======== EXTRACTED ENTRIES
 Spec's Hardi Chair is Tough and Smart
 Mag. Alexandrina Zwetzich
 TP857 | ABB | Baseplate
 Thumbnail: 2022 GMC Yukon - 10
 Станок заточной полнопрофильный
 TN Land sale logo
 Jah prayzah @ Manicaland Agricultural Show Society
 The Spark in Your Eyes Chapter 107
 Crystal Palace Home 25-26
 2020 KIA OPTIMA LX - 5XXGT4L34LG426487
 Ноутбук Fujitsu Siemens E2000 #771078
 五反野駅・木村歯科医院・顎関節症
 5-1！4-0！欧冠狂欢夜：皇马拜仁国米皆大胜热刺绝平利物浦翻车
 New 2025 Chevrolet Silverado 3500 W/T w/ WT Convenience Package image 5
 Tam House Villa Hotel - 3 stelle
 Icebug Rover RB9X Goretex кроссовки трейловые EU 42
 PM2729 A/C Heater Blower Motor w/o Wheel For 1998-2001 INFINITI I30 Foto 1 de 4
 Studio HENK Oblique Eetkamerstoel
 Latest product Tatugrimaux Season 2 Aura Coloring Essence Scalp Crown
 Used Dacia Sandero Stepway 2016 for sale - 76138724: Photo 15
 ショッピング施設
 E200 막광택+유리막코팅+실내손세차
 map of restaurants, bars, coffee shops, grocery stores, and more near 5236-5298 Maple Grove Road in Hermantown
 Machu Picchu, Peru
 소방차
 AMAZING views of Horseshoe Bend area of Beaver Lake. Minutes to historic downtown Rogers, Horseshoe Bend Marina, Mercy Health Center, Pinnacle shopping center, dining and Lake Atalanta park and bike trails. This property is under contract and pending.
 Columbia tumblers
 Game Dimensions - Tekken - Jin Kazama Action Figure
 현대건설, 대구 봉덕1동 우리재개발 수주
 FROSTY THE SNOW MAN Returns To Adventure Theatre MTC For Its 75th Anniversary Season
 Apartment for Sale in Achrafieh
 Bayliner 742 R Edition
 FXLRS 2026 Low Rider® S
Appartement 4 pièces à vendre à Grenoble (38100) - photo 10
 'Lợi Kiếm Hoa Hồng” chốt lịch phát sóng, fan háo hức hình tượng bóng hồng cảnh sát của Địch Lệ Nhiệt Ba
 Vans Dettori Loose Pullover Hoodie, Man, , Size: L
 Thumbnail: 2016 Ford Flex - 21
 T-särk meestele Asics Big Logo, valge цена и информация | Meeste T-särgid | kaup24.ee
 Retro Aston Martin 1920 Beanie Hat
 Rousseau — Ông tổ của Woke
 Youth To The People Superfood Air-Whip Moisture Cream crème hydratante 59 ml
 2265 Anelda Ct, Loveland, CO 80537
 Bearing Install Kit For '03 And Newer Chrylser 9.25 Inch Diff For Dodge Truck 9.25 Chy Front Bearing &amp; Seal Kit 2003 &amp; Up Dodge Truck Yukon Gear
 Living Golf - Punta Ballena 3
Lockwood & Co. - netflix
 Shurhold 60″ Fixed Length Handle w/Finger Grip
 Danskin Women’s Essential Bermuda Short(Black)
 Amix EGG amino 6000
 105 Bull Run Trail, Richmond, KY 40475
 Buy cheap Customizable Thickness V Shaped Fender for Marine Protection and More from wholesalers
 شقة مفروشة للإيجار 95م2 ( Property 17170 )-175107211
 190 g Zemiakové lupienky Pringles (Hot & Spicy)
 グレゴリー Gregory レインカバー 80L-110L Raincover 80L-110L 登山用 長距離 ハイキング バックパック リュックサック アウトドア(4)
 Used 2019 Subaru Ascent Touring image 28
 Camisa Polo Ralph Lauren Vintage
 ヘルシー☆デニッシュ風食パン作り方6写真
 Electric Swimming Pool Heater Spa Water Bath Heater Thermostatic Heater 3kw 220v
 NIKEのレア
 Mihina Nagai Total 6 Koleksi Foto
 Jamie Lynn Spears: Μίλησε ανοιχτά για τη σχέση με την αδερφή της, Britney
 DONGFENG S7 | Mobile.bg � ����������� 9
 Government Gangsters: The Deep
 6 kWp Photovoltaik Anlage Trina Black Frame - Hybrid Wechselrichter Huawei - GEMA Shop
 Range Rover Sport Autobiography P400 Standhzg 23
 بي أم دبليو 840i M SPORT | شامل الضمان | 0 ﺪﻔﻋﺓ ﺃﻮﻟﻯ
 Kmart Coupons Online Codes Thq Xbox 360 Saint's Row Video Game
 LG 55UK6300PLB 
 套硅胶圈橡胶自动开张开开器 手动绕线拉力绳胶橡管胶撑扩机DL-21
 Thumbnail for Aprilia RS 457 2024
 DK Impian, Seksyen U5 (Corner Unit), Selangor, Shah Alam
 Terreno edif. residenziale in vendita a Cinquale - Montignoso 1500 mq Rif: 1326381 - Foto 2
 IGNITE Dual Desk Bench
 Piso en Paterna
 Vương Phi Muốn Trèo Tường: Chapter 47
================
_TASK INSTRUCTIONS_. All lines above from the one containing "Станок заточной полнопрофильный" to the one containing "5-1！4-0！欧冠狂欢夜：皇马拜仁国米皆大胜热刺绝平利物浦翻车" must be repeated exactly, both lines included, and no others.

_SOLUTION_.
 Станок заточной полнопрофильный
 TN Land sale logo
 Jah prayzah @ Manicaland Agricultural Show Society
 The Spark in Your Eyes Chapter 107
 Crystal Palace Home 25-26
 2020 KIA OPTIMA LX - 5XXGT4L34LG426487
 Ноутбук Fujitsu Siemens E2000 #771078
 五反野駅・木村歯科医院・顎関節症
 5-1！4-0！欧冠狂欢夜：皇马拜仁国米皆大胜热刺绝平利物浦翻车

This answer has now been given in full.